* GIVEN DATA
Start of Block

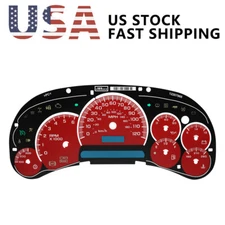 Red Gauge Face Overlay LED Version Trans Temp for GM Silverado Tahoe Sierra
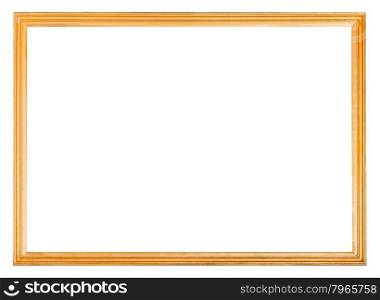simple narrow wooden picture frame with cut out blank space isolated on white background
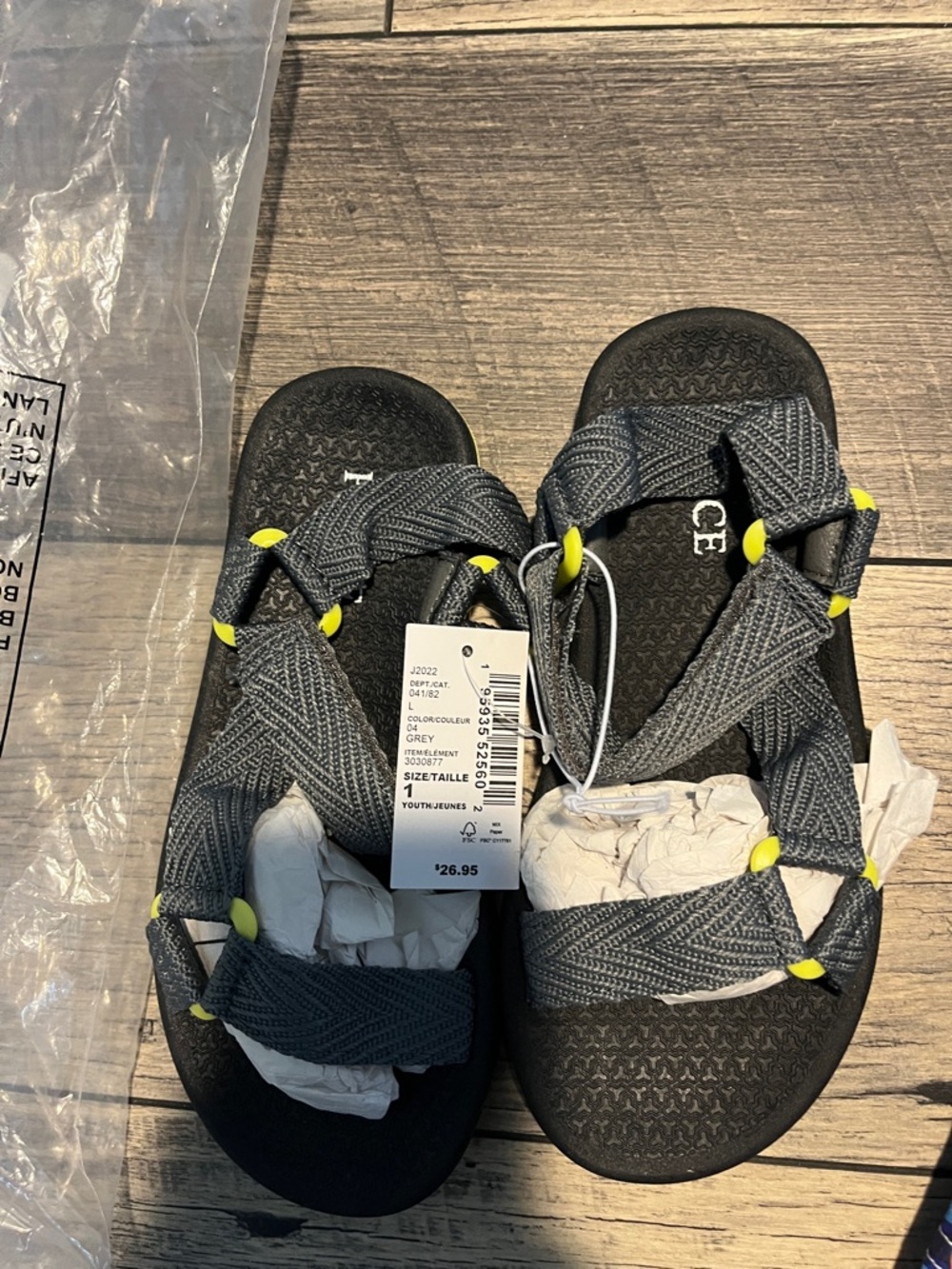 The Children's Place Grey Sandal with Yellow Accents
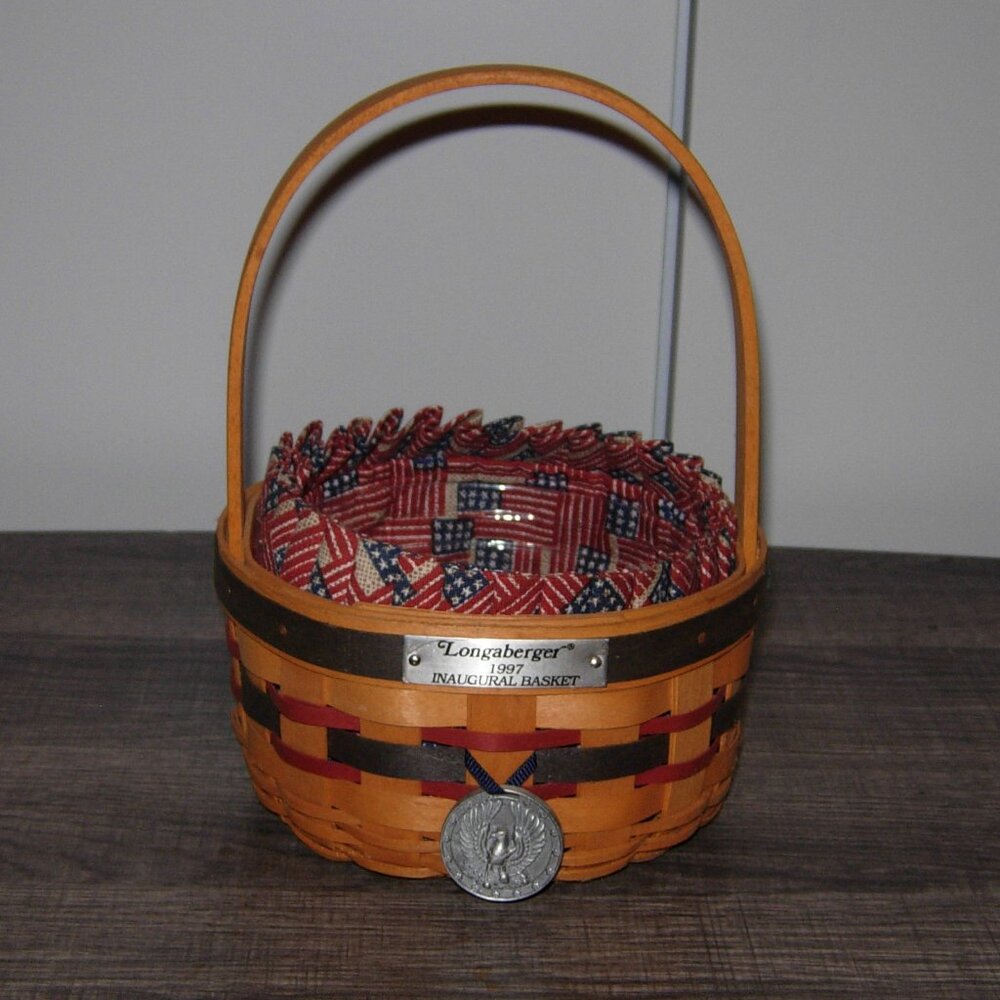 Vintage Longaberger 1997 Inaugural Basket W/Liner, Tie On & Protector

End of Block
Start of Block

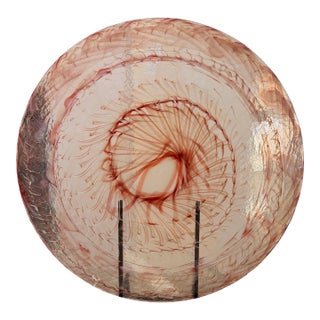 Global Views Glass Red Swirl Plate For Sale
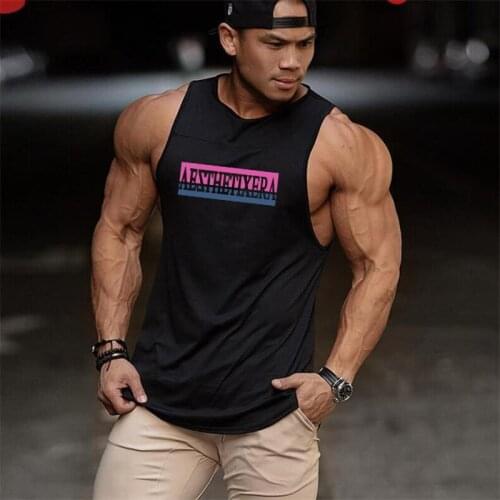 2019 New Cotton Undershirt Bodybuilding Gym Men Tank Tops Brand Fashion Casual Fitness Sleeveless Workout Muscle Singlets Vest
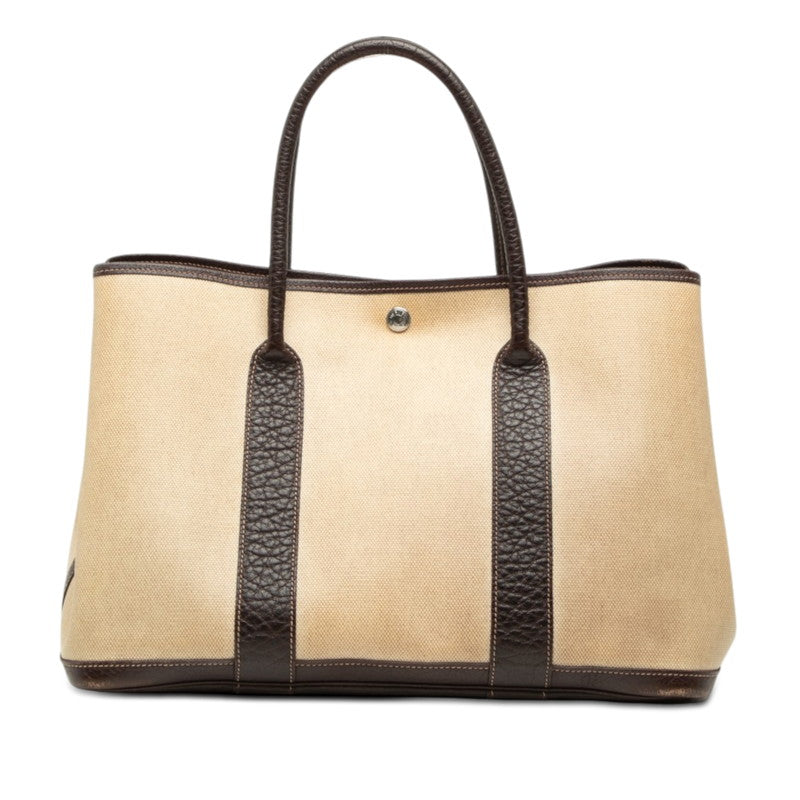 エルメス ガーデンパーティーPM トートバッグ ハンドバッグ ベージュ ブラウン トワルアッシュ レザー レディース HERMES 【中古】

End of Block
Start of Block

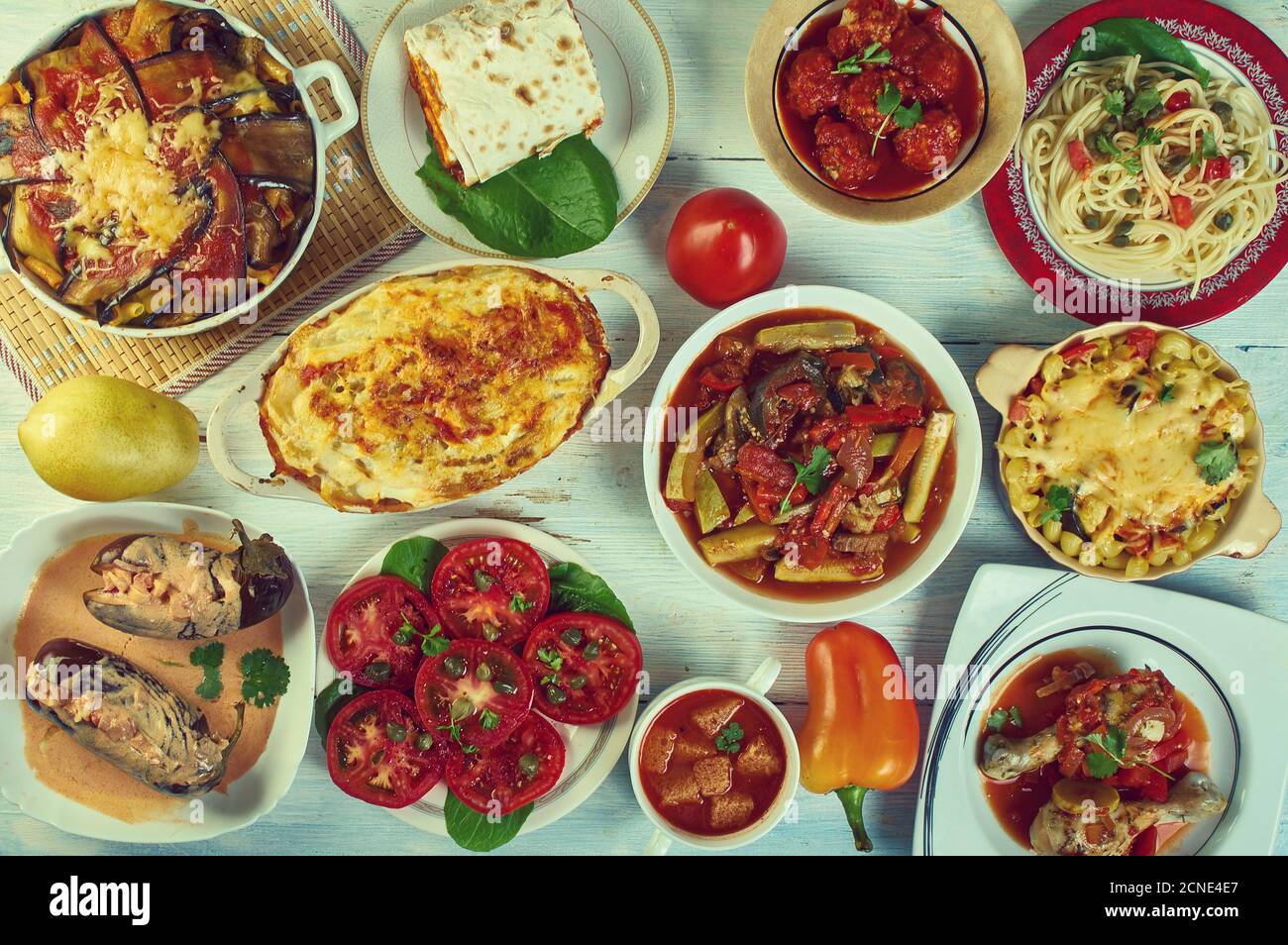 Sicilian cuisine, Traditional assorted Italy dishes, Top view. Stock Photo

End of Block

Your answer is the exact run of lines above from the one with "Global Views Glass Red Swirl Plate For Sale" through the one with "エルメス ガーデンパーティーPM トートバッグ", both ends included, minus any picture.

* EXPECTED ANSWER
 Global Views Glass Red Swirl Plate For Sale
 2019 New Cotton Undershirt Bodybuilding Gym Men Tank Tops Brand Fashion Casual Fitness Sleeveless Workout Muscle Singlets Vest
 エルメス ガーデンパーティーPM トートバッグ ハンドバッグ ベージュ ブラウン トワルアッシュ レザー レディース HERMES 【中古】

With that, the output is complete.